The American Dialect Society, which determines the word of the year every year, has voted “bailout” as the word of the year for 2008.  If 2008 was the year of the bailout, 2009 may well become the year of the zombie, because bailouts of troubled banks and firms create zombie banks and zombie firms, which should exit the markets but manage to stay with help from creditors and the government.  In a paper that appeared in the American Economic Review, I showed (with Ricardo Caballero and Anil Kashyap) how the zombie firms in Japan hurt healthy firms in the same industry, discouraged new entrants, and stifled growth.

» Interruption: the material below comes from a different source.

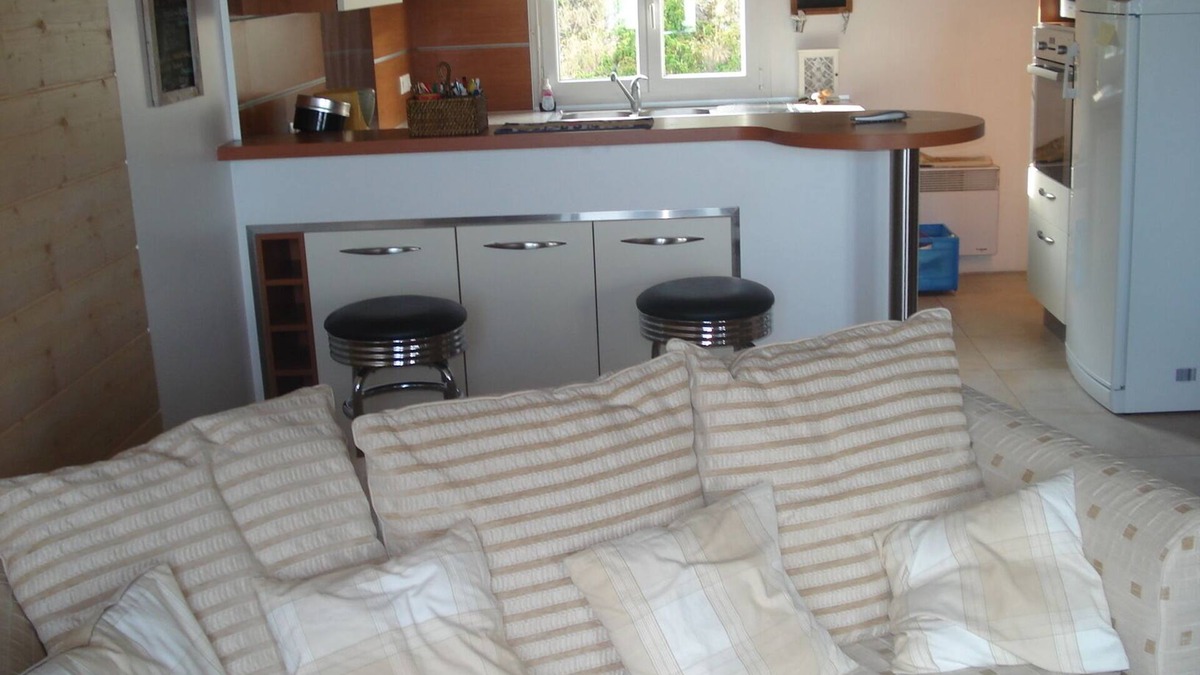 Granville Apartment | Duplex apartment facing the fishing port in downtown Granvillle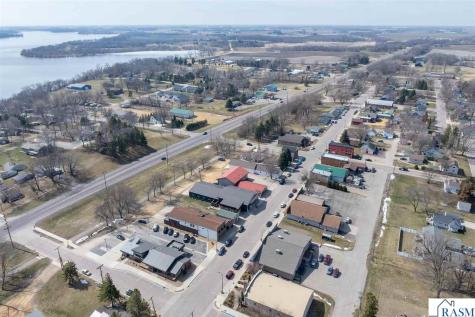 220 SW Maple Avenue Elysian MN 56028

The bailouts often create zombie firms by allowing inefficient firms to stay around longer than they should.  The mechanism to create zombies in the U.S. is different from Japan, where banks supported these dead firms so that they can stay around.  In the U.S., the government seems willing to help troubled firms directly.  Starting with the financial industry and auto industry, many companies have been asking for and have been receiving bailouts.  The number of industries that ask bailouts will continue to grow.  Even the adult entertainment industry asked a bailout.  The waves of bailouts are not limited to the U.S.  For example, many governments in the world are rushing to rescue their DRAM manufacturers.  (In the DRAM industry, Micron, the only U.S. manufacturer, is not planning to ask bailout.  They may suffer from competition with zombies in other countries.)

Although the mechanisms of zombie creation are different, the consequences are the same.  Zombie firms compete with healthy firms for funding, human capital, and/or demand for the products, and reduce the potential profits for healthy firms.  This discourages healthy firms from expanding and prevents new companies from entering the industry.  Our paper uses the data from Japan and finds that healthy firms reduce their investment and employment growth disproportionately when the proportion of zombies in the industry increases.  We argue that the zombie problem was an important factor behind the long stagnation of the Japanese economy in the 1990s and the early 2000s.  When bailouts are spread to many industries, American zombies will prolong the current recession in the U.S.

The Bailout Game, an online game by Blue Earth Interactive, is a pretty interesting game that reminds us how many financial institutions and companies have already been rescued in the name of preventing the economic meltdown.  The game is, however, incomplete.  None of those bailed out companies come back as zombies.  At least that does not happen when I played the game.